Berdasar pengalamannya, persil rumah tinggal tak begitu direpotkan dengan perubahan alamat itu. Sebab, dia hanya perlu mengganti KK dan KTP. Namun, untuk alamat usaha, dia mengatakan repotnya buka main.



Seluruh izin harus diubah. Sistem online yang sudah diterapkan pemkot otomatis menolak proses input data jika nama alamat tidak sama dengan yang ada di KTP. Padahal, di perizinan sebelumnya nama alamat tersebut berbeda. ”Akhirnya harus menunggu sampai izinnya habis. Baru sekalian diganti. Kalau untuk saya, baru kelar semua dua tahunan,” lanjutnya.

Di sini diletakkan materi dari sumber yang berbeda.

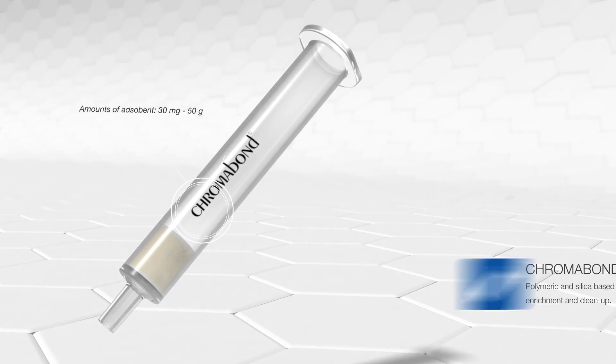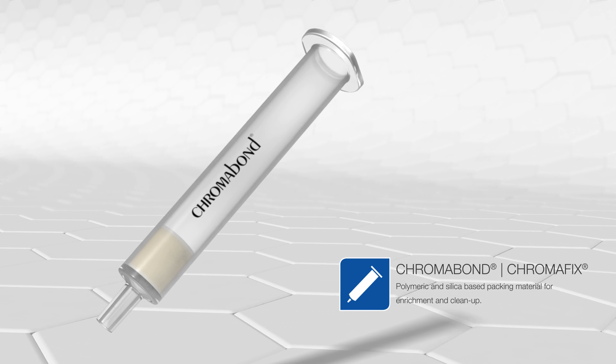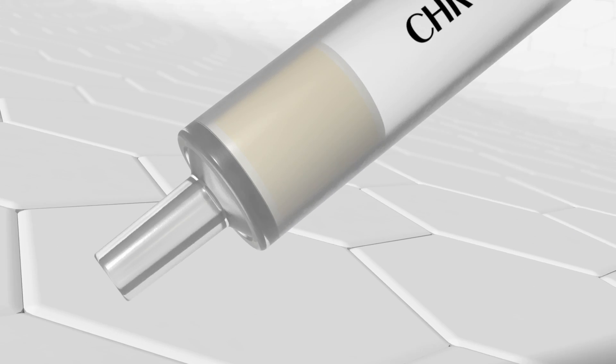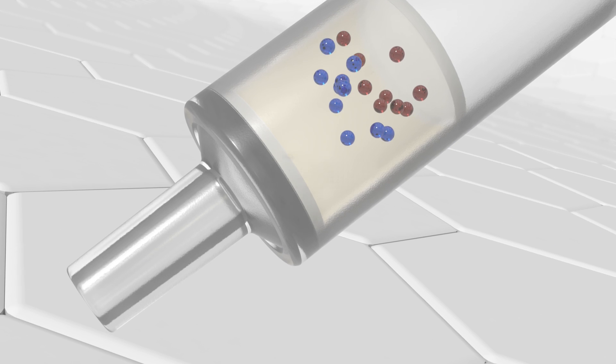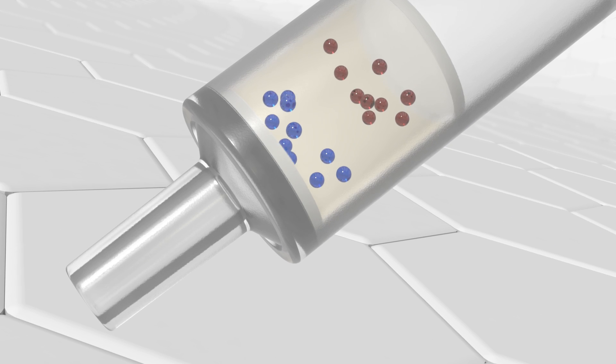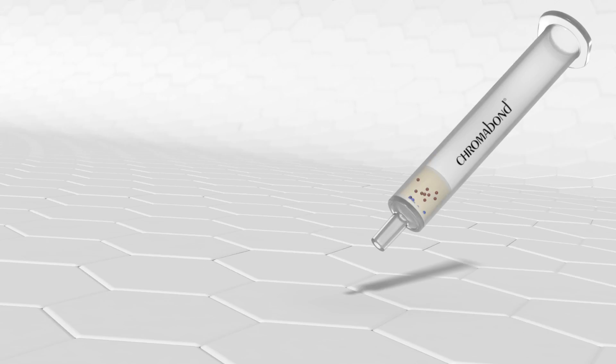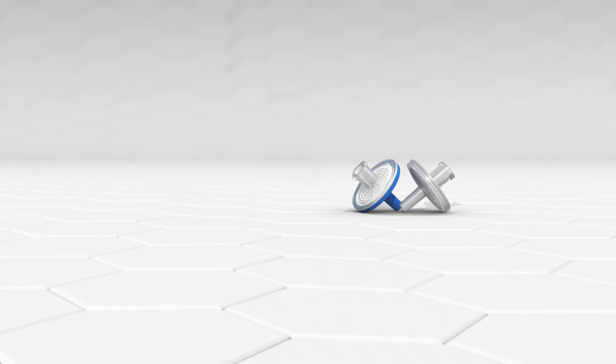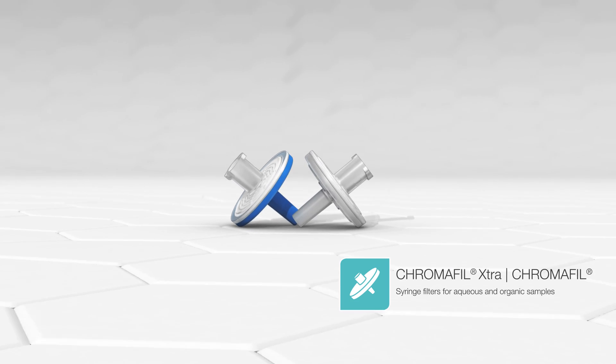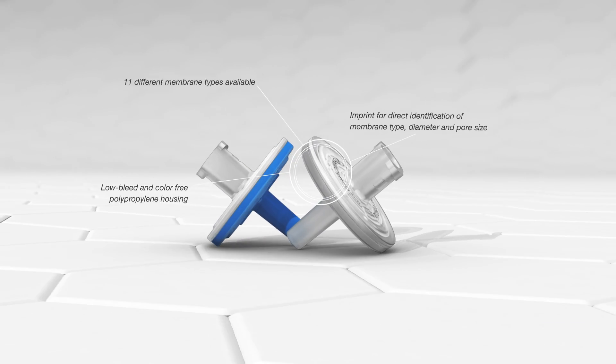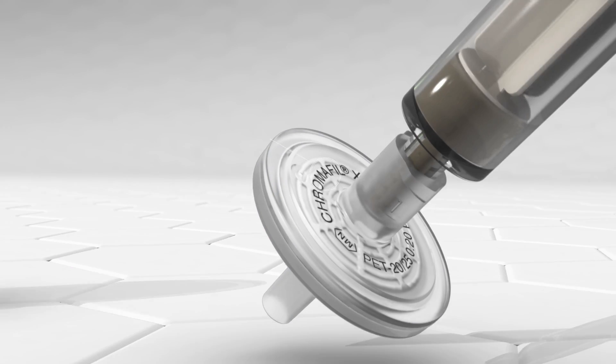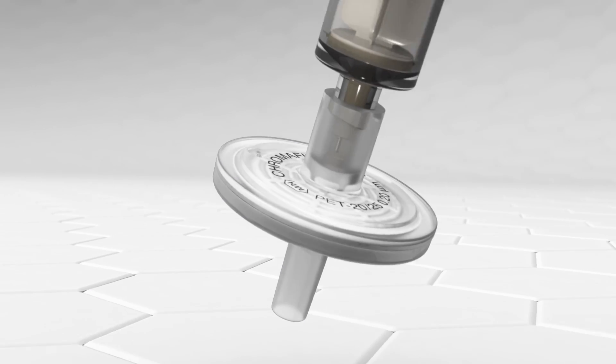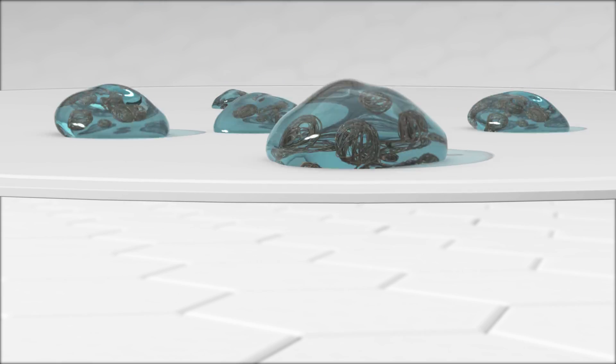We manufacture premium SPE columns for concentration and cleanup of your target compounds from complex sample matrices. Our robust and contaminant-free syringe filters help you to clarify liquid samples in order to protect sensitive and expensive laboratory equipment.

Dodik mengaku rugi uang dan waktu. Dia dibuat mondar-mandir untuk mengurus dokumen bank, kependudukan, dan perizinan. Dia juga harus mengeluarkan uang untuk membayar biaya konsultan perizinan.

Bahkan, hingga sembilan tahun ini, banyak yang belum tahu bahwa Jalan Kedung Cowek sudah diubah menjadi Jalan Muhammad Noer. Mayoritas warga masih familier dengan nama Kedung Cowek. Untuk pengusaha seperti Dodik, banyak klien yang bingung mencari alamat tempat usahanya.